> EXERCISE PROMPT
Using the data below, restate exactly every line from the one with "APTA CREDITO. Casa" up to and including the one with "Romy Schroeder, Frederick". No picture belongs in it.

Web page caption snippets:
════════════════════
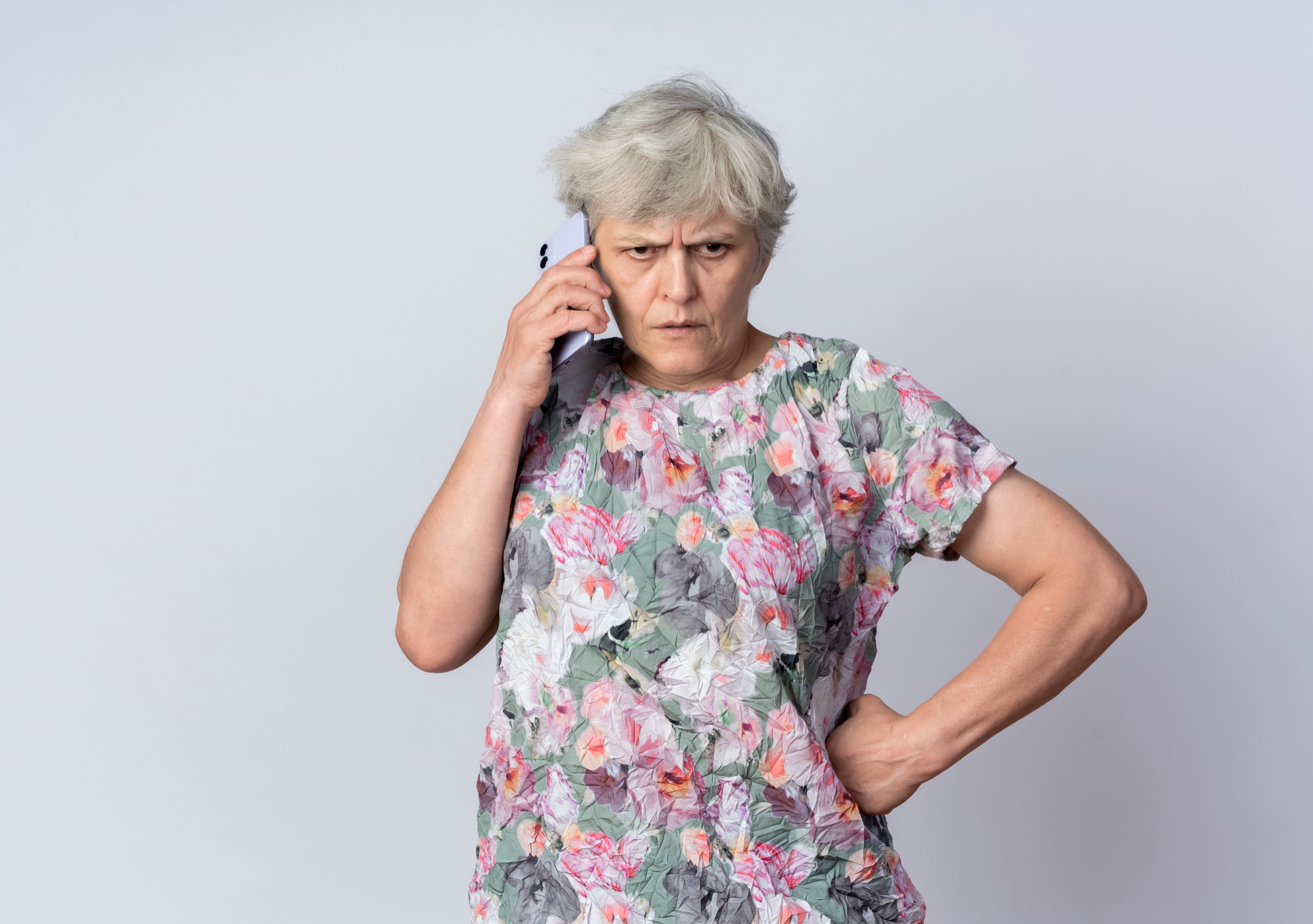 Mujer mayor enfadada hablando por teléfono | Foto: Freepik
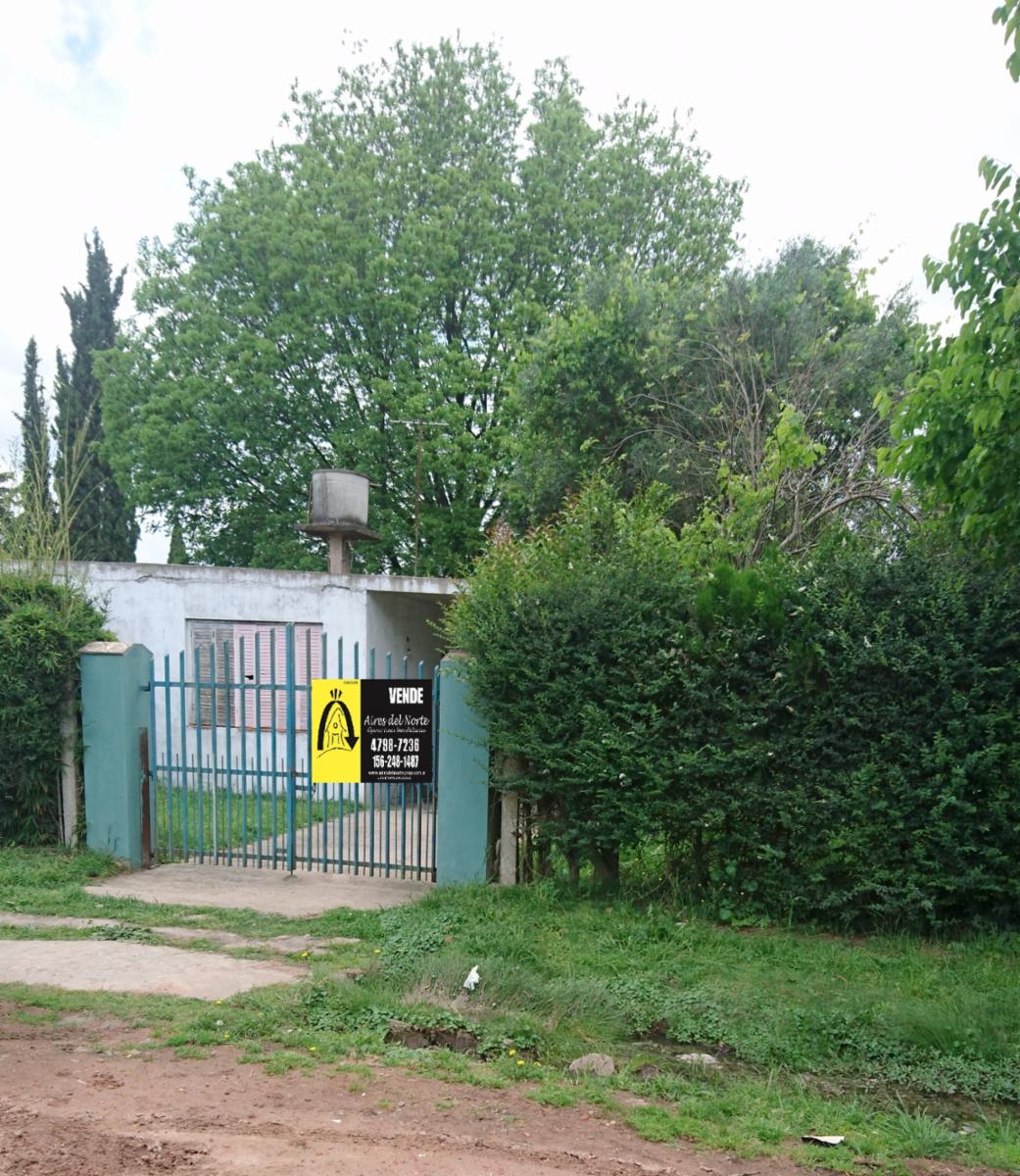 APTA CREDITO. Casa de 3 ambientes con lote de 600m2. Muy bien ubicada a metros de la ruta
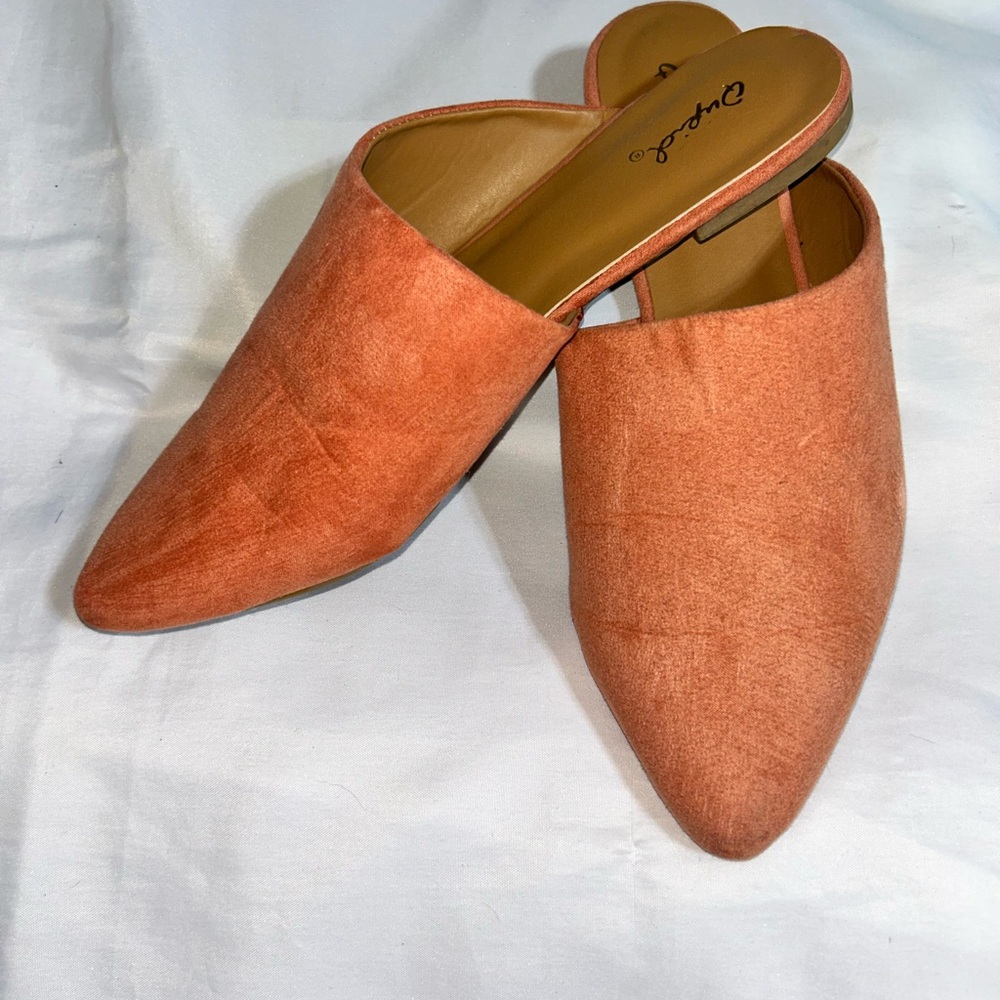 🟧Qupid Peach Suede Flat Mules Size 8.5 GUC
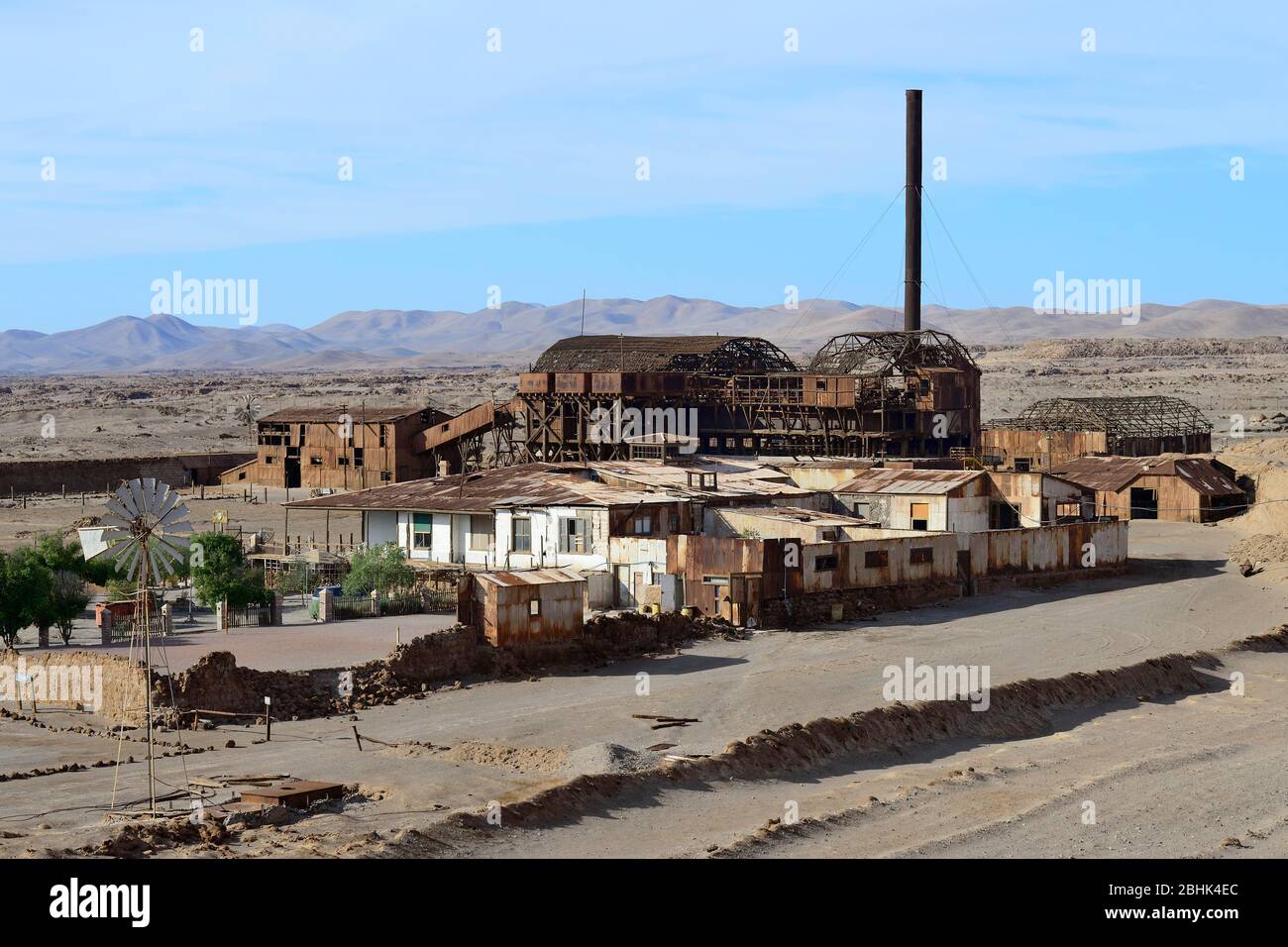 Derelict factory buildings, ghost town of Humberstone Saltpetre Works, Tarapaca region, Chile Stock Photo
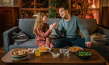 Romy Schroeder, Frederick Lau (v.l.n.r.) in "Wolke unterm Dach" (2022), Quelle: Warner Bros. Pictures Germany, DFF, © 2022 Pantaleon Films GmbH, Warner Bros. Entertainment GmbH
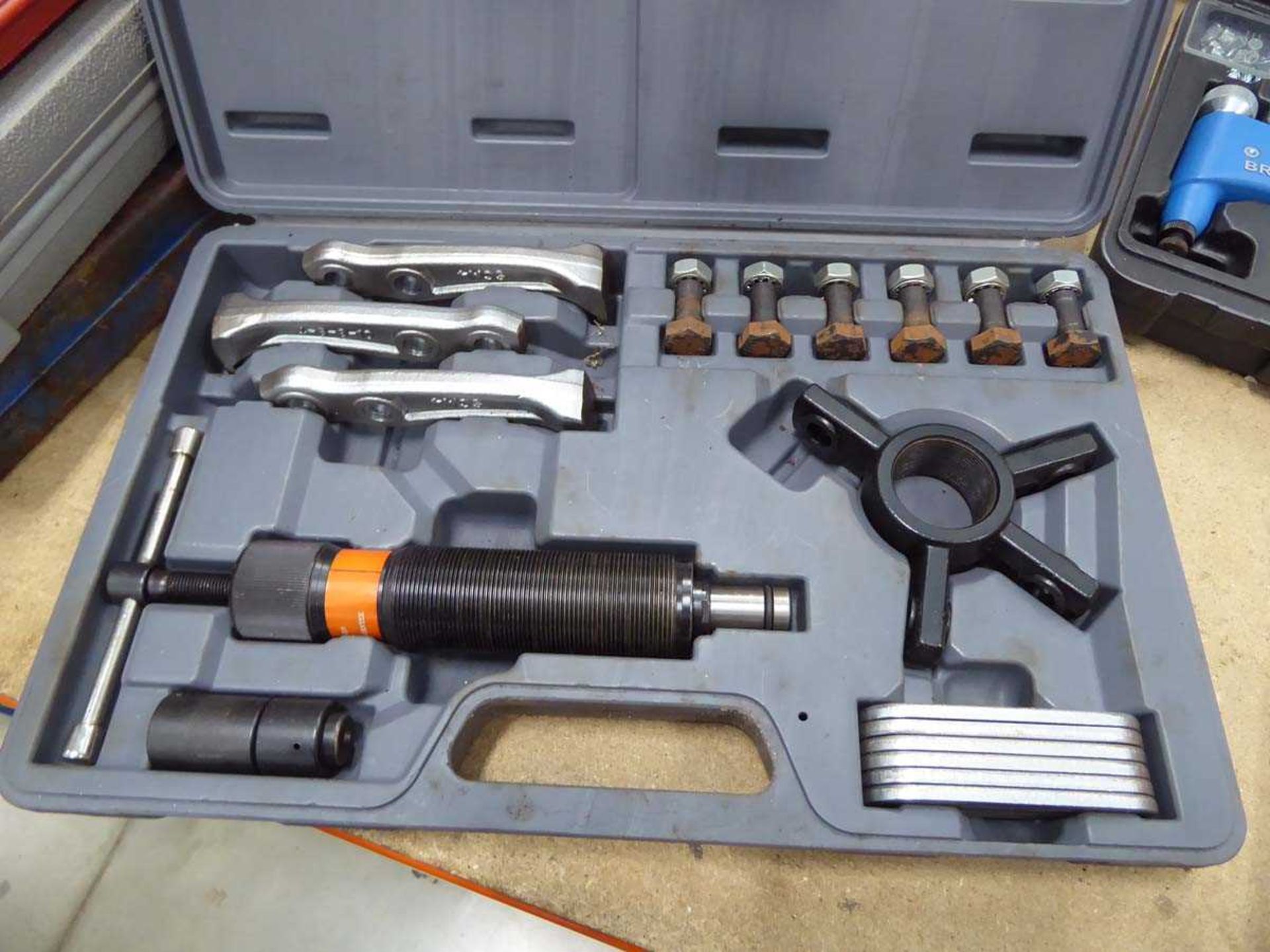 Bralo riveting tool set, Draper puller kit and a red boxed puller kit - Image 4 of 5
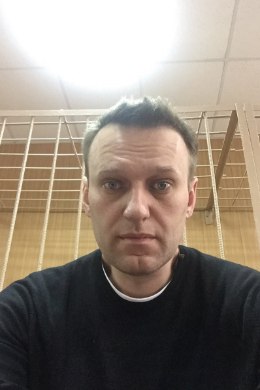 Navalnõi kohtumajast: ülekuulamisele peaks kutsutama hoopis Dmitri Medvedev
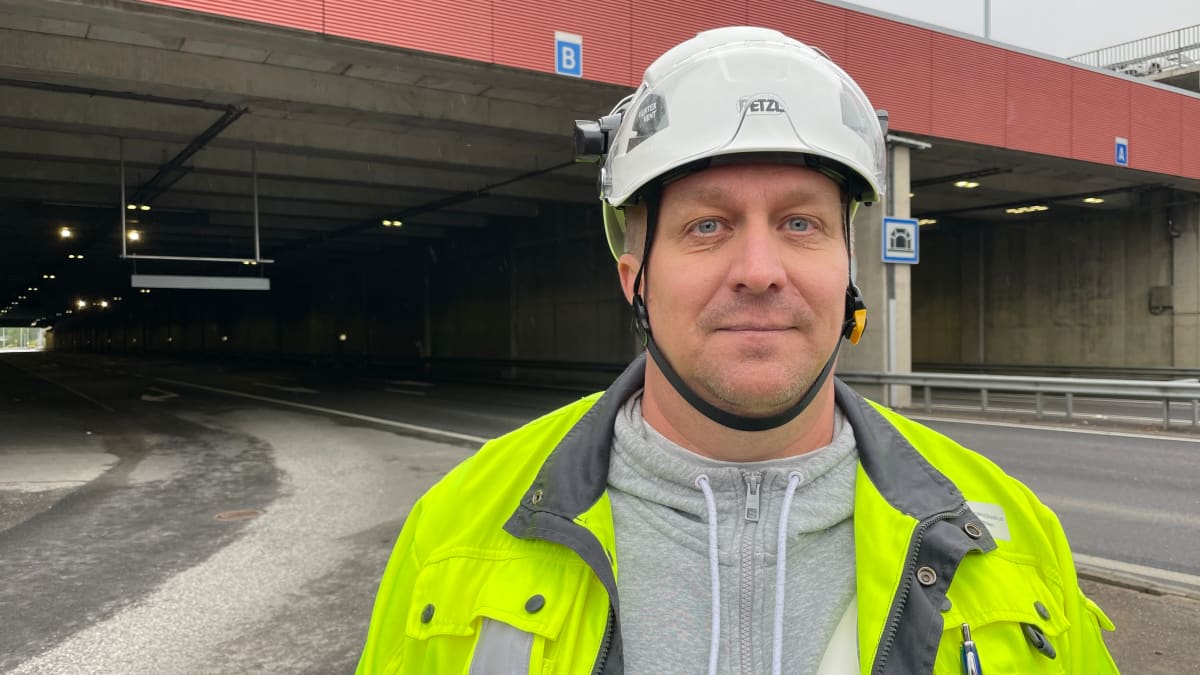 Lapin ELY-keskuksen tunnelin hallinnoija Jaakko Myllylä seisoo Nelostiellä Revontulitunnelin edustalla Rovaniemellä.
════════════════════
> TASK RESULT
 APTA CREDITO. Casa de 3 ambientes con lote de 600m2. Muy bien ubicada a metros de la ruta
 🟧Qupid Peach Suede Flat Mules Size 8.5 GUC
 Derelict factory buildings, ghost town of Humberstone Saltpetre Works, Tarapaca region, Chile Stock Photo
 Romy Schroeder, Frederick Lau (v.l.n.r.) in "Wolke unterm Dach" (2022), Quelle: Warner Bros. Pictures Germany, DFF, © 2022 Pantaleon Films GmbH, Warner Bros. Entertainment GmbH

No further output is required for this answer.